After leaving the acting profession in the mid 1980s to bring up her family, she returned to acting in 2011.

Early life
Smith was born in Hartfield, Sussex, the only child of Robert and Ursula Smith (née Boas). Her father owned an antiques shop and painting restoration business near Kew Gardens, and her Swiss mother was a translator. After a convent school education, in her late teens she had a temporary job at Biba, the famous boutique located on Kensington High Street, London. It was at the instigation of Barbara Hulanicki, founder of Biba, that she became a model. In the late 1960s and early '70s, she was regularly featured in the work of Disc cartoonist J Edward Oliver, who on one occasion devoted an entire strip to her entitled 'The Life and Habits of the Madeline Smith'.

Career
Smith's first screen role was a small part in the film Escalation (1968) following this with a role in The Mini-Affair (1967), although the latter was released first. Smith first worked for Hammer Film Productions in Taste the Blood of Dracula (1969), billed as 'Maddy Smith' and playing an East End prostitute. Among her other film appearances, she played opposite Ava Gardner in Tam-Lin, Peter Cushing in The Vampire Lovers and Frankenstein and the Monster from Hell, Diana Dors in The Amazing Mr Blunden, Frankie Howerd in Up Pompeii and Up the Front, and Vincent Price in Theatre of Blood. In 1972, Smith appeared in Carry On Matron in a scene alongside Hattie Jacques, Barbara Windsor and Joan Sims. In 1973, she played the Bond girl Miss Caruso, in the post-opening titles sequence of Live and Let Die, the first James Bond film starring Roger Moore. Smith's role is therefore significant as Miss Caruso is the first Bond girl of the Roger Moore era. She was recommended for the role by Moore himself, having previously appeared with him in an episode of The Persuaders! on TV. Smith and Moore take part in a scene in which he unzips her dress with a magnetic watch.

Smith's numerous stage credits include working with US director Charles Marowitz on Blue Comedy (Yvonne Arnaud Theatre, Guildford) and The Snob (at Marowitz's Tottenham Court Road venue the Open Space). She also acted opposite Alec Guinness in the original West End production of Alan Bennett's Habeas Corpus (playing Felicity Rumpers), supported Frankie Howerd again in the Volpone adaptation The Fly and the Fox (Churchill Theatre, Bromley), played Elma in a Cambridge Theatre Company revival of Frederick Lonsdale's Canaries Sometimes Sing, and spent two years playing the female lead in Agatha Christie's The Mousetrap at the St Martin's Theatre.

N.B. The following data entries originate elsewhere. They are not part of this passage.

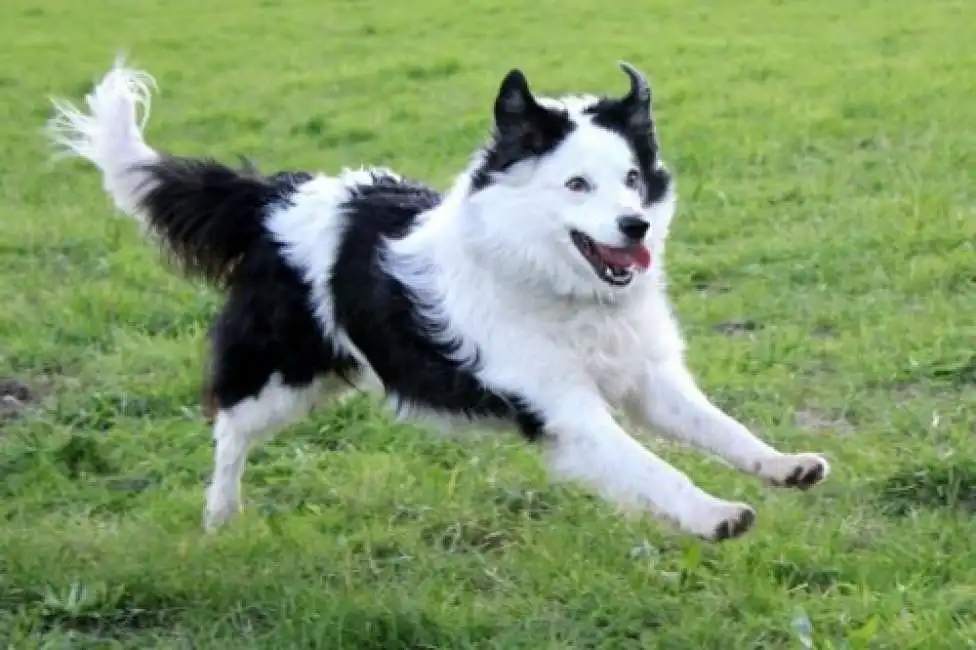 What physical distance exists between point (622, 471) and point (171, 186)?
7.12ft

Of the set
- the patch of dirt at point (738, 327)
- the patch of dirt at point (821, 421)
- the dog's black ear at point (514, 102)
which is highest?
the dog's black ear at point (514, 102)

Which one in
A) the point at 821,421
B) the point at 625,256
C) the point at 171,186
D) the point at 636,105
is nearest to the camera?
the point at 625,256

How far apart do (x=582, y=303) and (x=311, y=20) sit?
15.0 m

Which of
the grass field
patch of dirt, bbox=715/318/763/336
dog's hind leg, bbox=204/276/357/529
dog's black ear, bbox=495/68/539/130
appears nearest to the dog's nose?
dog's black ear, bbox=495/68/539/130

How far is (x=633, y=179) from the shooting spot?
472 centimetres

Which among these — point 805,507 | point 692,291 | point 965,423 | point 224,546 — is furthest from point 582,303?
point 692,291

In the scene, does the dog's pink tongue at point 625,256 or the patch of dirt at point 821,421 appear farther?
the patch of dirt at point 821,421

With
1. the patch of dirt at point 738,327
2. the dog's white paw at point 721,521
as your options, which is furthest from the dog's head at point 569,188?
the patch of dirt at point 738,327

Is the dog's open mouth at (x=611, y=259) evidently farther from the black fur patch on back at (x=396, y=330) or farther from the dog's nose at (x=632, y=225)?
the black fur patch on back at (x=396, y=330)

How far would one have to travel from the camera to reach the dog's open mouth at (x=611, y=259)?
4637 mm

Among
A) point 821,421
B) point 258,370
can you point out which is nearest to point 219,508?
point 258,370

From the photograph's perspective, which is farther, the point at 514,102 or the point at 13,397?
the point at 13,397

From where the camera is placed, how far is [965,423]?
5785mm

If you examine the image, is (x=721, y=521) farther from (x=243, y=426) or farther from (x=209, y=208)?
(x=209, y=208) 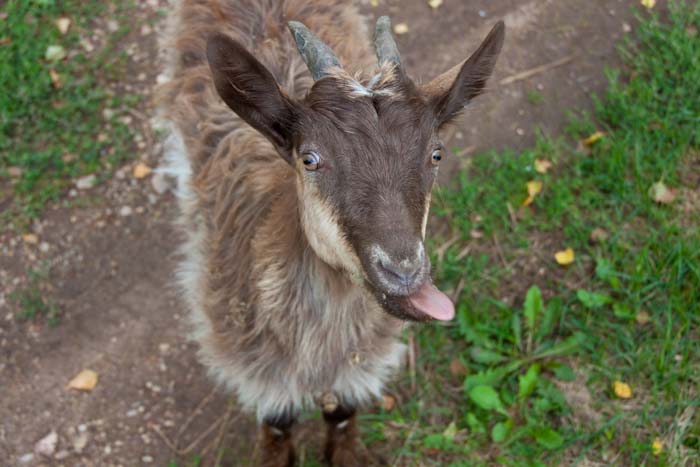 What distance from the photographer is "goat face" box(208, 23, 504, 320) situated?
248 cm

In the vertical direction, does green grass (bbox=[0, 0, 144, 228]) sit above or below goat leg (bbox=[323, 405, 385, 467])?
above

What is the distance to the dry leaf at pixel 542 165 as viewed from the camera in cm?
515

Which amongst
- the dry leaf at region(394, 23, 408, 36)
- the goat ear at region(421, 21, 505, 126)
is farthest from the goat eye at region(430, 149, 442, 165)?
the dry leaf at region(394, 23, 408, 36)

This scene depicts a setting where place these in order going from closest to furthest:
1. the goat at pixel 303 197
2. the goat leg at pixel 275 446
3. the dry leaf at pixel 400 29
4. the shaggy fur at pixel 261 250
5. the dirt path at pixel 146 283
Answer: the goat at pixel 303 197, the shaggy fur at pixel 261 250, the goat leg at pixel 275 446, the dirt path at pixel 146 283, the dry leaf at pixel 400 29

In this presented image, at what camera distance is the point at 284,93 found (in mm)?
2674

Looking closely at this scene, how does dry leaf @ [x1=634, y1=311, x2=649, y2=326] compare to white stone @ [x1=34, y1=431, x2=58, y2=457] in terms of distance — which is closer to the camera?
white stone @ [x1=34, y1=431, x2=58, y2=457]

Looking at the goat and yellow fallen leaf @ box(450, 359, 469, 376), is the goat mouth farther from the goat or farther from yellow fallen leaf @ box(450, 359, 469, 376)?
yellow fallen leaf @ box(450, 359, 469, 376)

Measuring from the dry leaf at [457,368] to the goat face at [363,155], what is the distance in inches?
80.2

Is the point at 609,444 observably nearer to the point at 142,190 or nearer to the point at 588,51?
the point at 588,51

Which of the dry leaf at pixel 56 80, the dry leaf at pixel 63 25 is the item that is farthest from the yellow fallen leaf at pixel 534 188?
the dry leaf at pixel 63 25

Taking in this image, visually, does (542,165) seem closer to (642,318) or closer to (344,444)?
(642,318)

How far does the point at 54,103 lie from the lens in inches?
217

Her television credits include Doctor at Large (1971), The Two Ronnies (appearing in the serial 'Hampton Wick', 1971), Clochemerle (1972), His and Hers (1970) with Tim Brooke-Taylor, Casanova '73 (1973) with Leslie Phillips, Steptoe and Son (1974), The Howerd Confessions (1976), Why Didn't They Ask Evans? (1980) and The Steam Video Company (1984). She also featured in two episodes of All Creatures Great and Small, as two different characters (as Angela Farmer in "Pride of Possession" (1978) and as Anne Grantley in the 1983 Christmas special). She was a member of the regular cast of the BBC2 series The End of the Pier Show (1974) and In The Looking Glass (1978) alongside satirists John Wells and John Fortune and composer Carl Davis. Smith also starred in The Passionate Pilgrim (1984) which turned out to be the final screen appearance of Eric Morecambe.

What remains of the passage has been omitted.